AI’s environmental impact is growing. Discover key strategies to reduce energy consumption with optimized models, AI chips, and renewable-powered data centers
From pruning and carbon-aware scheduling to AI-optimized chips and increasing the share of renewables in the energy mix powering data centers—these are some of the key strategies to curb AI’s environmental footprint. A new report from Politecnico di Milano analyzes the energy consumption of AI models and suggests ways to mitigate it.
AI Energy Consumption: The Hidden Cost of Every Query
Asking a chatbot a question can consume up to 10 times more energy than a traditional web search (2.9 Wh vs. 0.3 Wh). Reducing this energy demand is crucial, as demonstrated by the recent case of DeepSeek, which was blocked in Italy due to privacy concerns. But how can we make AI greener?
While training AI models requires a significant amount of electricity, it’s not the biggest energy drain. Inference—the process of using a trained model to generate responses—accounts for 80-90% of AI’s total energy consumption. This happens because inference is performed millions of times a day, making it the most energy-intensive phase over the entire lifecycle of an AI model.
How to Reduce AI’s Environmental Impact?
The Digitalization & Decarbonization Report 2024, compiled by Politecnico di Milano’s Energy & Strategy group, explores AI’s energy footprint and identifies actionable strategies for reducing it.
Key Strategies to Lower AI’s Energy Demand
Algorithmic Optimization
- Pruning and quantization: Reducing model complexity without sacrificing performance.
- Knowledge distillation: Creating lightweight versions of AI models.
- Batch size and mixed-precision training: Enhancing efficiency in both training and inference.
Hardware Efficiency
- Using AI-optimized chips that require less energy per computation.
- Designing more efficient computing architectures to improve power consumption.
Operational Optimization
- Carbon-aware scheduling: Running AI workloads when renewable energy is most available.
- Green AI: Developing models with sustainability in mind.
Workload Distribution
- Leveraging federated learning and edge computing to reduce reliance on large, centralized data centers.
- Powering data centers with renewable energy to cut carbon emissions.

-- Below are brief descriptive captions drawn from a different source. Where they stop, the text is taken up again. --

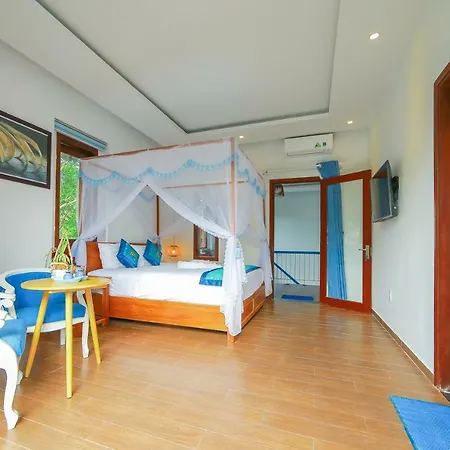 Hoi An Sea Village Homestay Exterior photo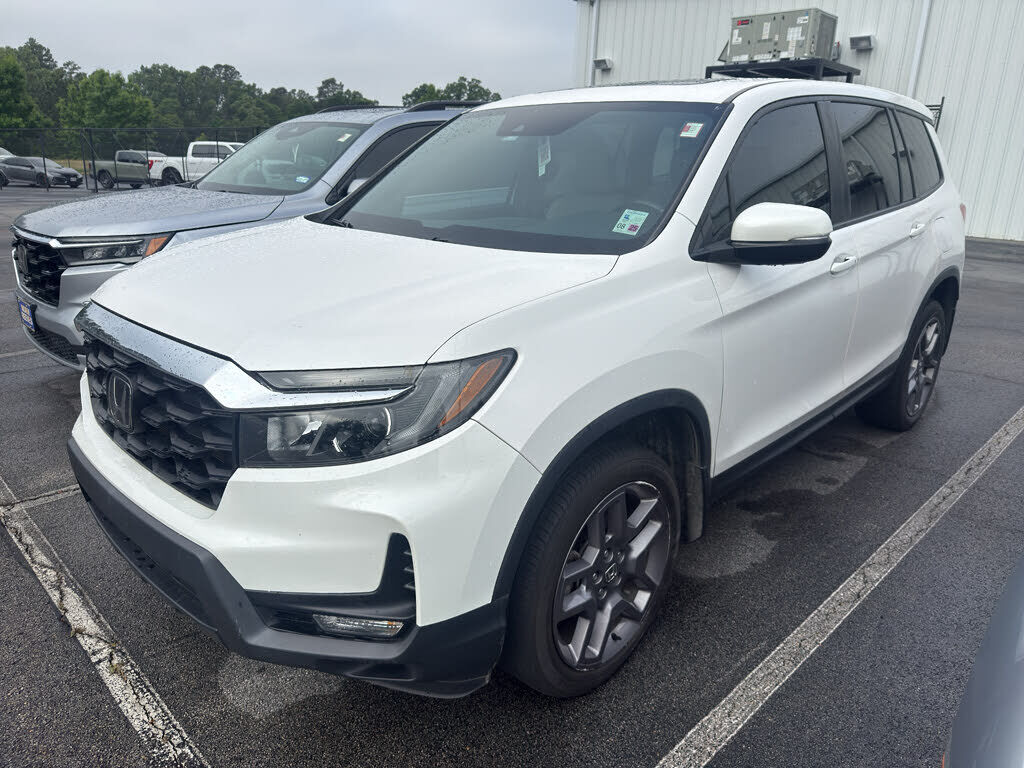 2023 HONDA Passport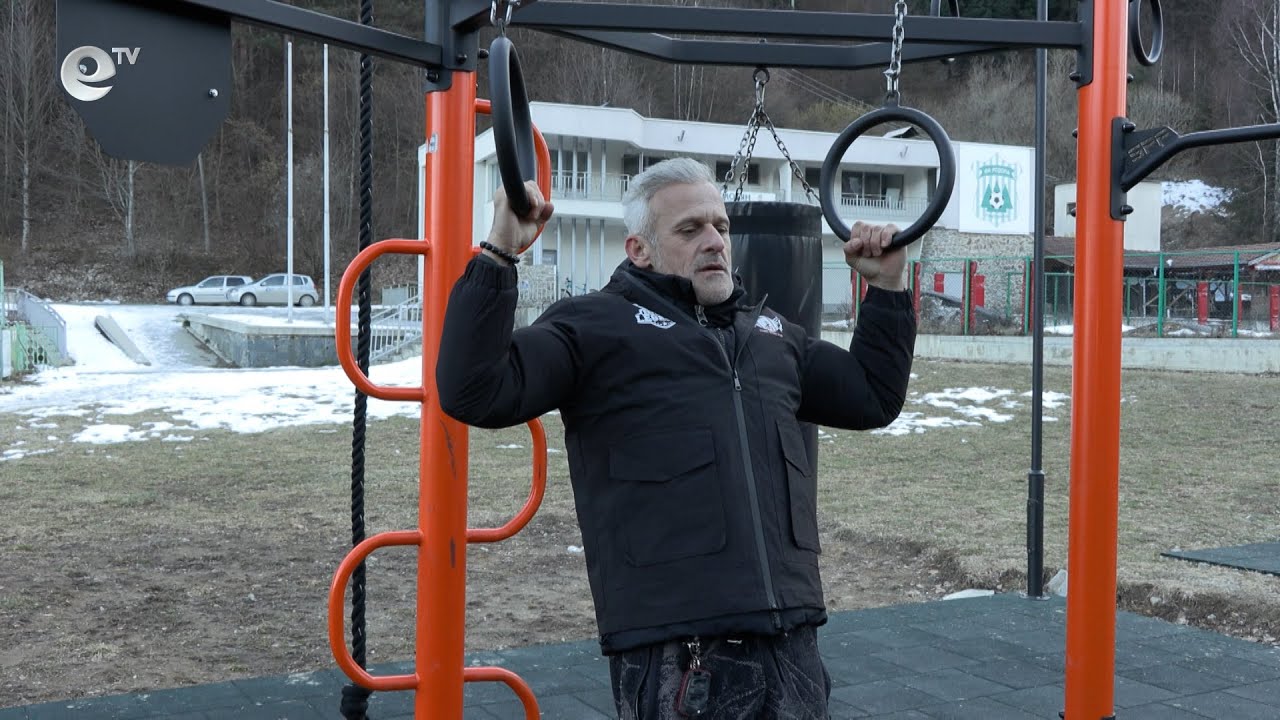 В Смолян Йордан Йовчев представи проект на Спортното министерство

The Key Factors Driving AI’s Energy Consumption
According to Politecnico di Milano’s report, AI’s environmental impact depends on the energy sources powering data centers and the efficiency of both hardware and software. The report highlights six major factors influencing AI’s energy footprint:
Chip architecture – More advanced processors can improve computational efficiency and reduce power consumption.
Workload demand – The continuous use of AI in data centers creates significant energy needs.
Data center design – Infrastructure and layout impact overall energy efficiency.
Cooling systems – Inefficient cooling increases energy use.
Energy source – A higher share of renewables in the electricity mix can significantly cut CO₂ emissions.
Software optimization – Model compression and efficient inference can reduce AI’s environmental impact.